- **RECORDS TO USE**
****
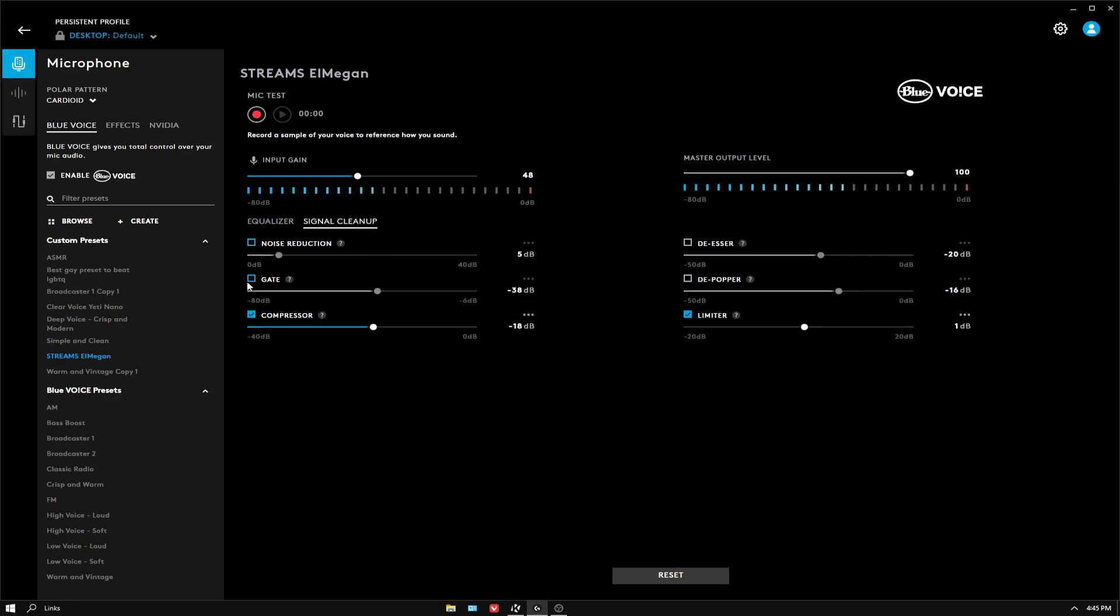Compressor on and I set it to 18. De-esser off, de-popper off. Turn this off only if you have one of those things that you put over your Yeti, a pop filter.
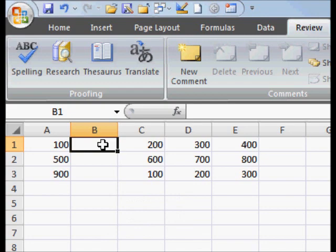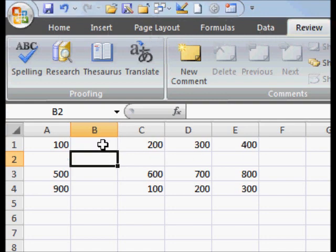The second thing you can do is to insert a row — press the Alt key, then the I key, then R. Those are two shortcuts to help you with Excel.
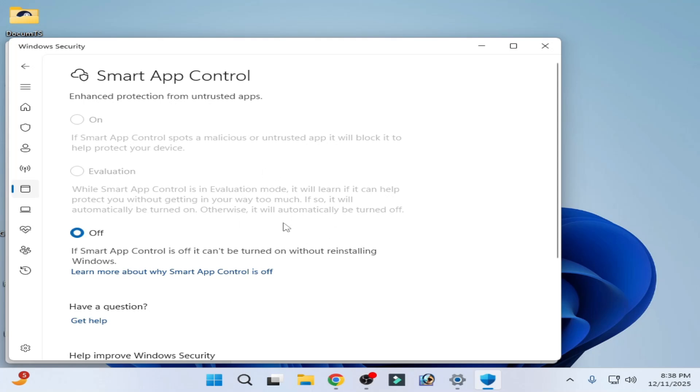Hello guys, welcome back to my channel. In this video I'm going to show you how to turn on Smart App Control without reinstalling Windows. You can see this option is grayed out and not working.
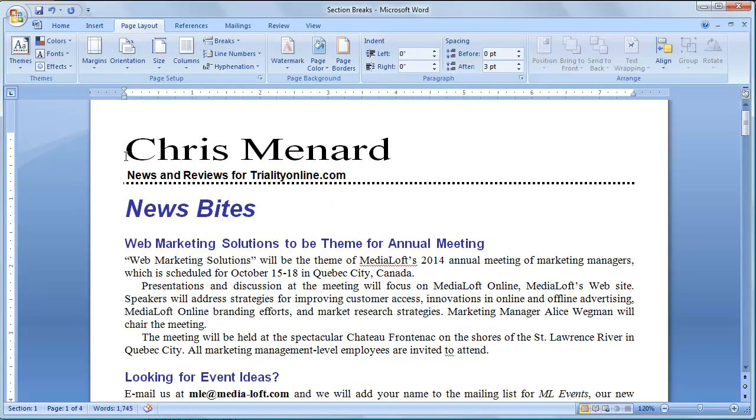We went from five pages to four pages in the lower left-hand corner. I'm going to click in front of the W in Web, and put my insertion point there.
****
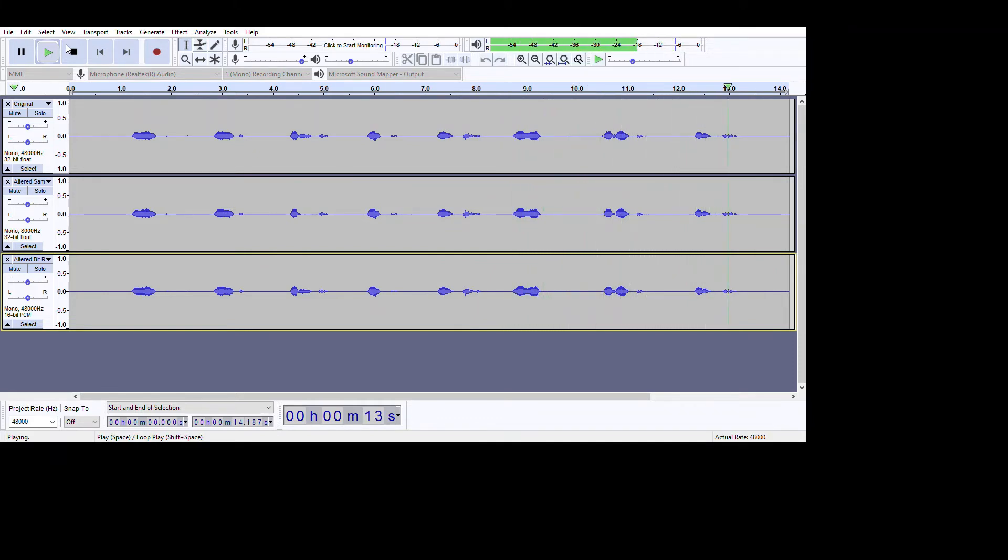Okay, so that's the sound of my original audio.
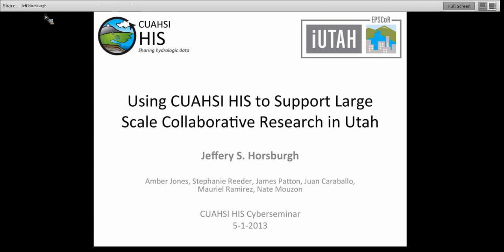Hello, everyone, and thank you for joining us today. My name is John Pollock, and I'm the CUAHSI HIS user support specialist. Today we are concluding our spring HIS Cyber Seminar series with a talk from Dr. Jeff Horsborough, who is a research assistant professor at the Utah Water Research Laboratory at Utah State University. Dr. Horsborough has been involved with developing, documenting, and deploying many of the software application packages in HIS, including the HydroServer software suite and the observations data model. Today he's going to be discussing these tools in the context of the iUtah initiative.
****
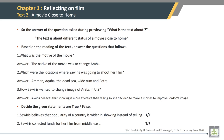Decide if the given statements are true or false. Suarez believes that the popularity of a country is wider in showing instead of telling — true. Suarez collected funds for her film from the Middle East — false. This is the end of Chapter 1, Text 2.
****
- **REQUIREMENT**
Using the listing above, reproduce word for word every line from the one containing "Compressor on and" through the one containing "We went from". Pictures must be left out.

- **FINISHED TASK**
Compressor on and I set it to 18. De-esser off, de-popper off. Turn this off only if you have one of those things that you put over your Yeti, a pop filter.
The second thing you can do is to insert a row — press the Alt key, then the I key, then R. Those are two shortcuts to help you with Excel.
Hello guys, welcome back to my channel. In this video I'm going to show you how to turn on Smart App Control without reinstalling Windows. You can see this option is grayed out and not working.
We went from five pages to four pages in the lower left-hand corner. I'm going to click in front of the W in Web, and put my insertion point there.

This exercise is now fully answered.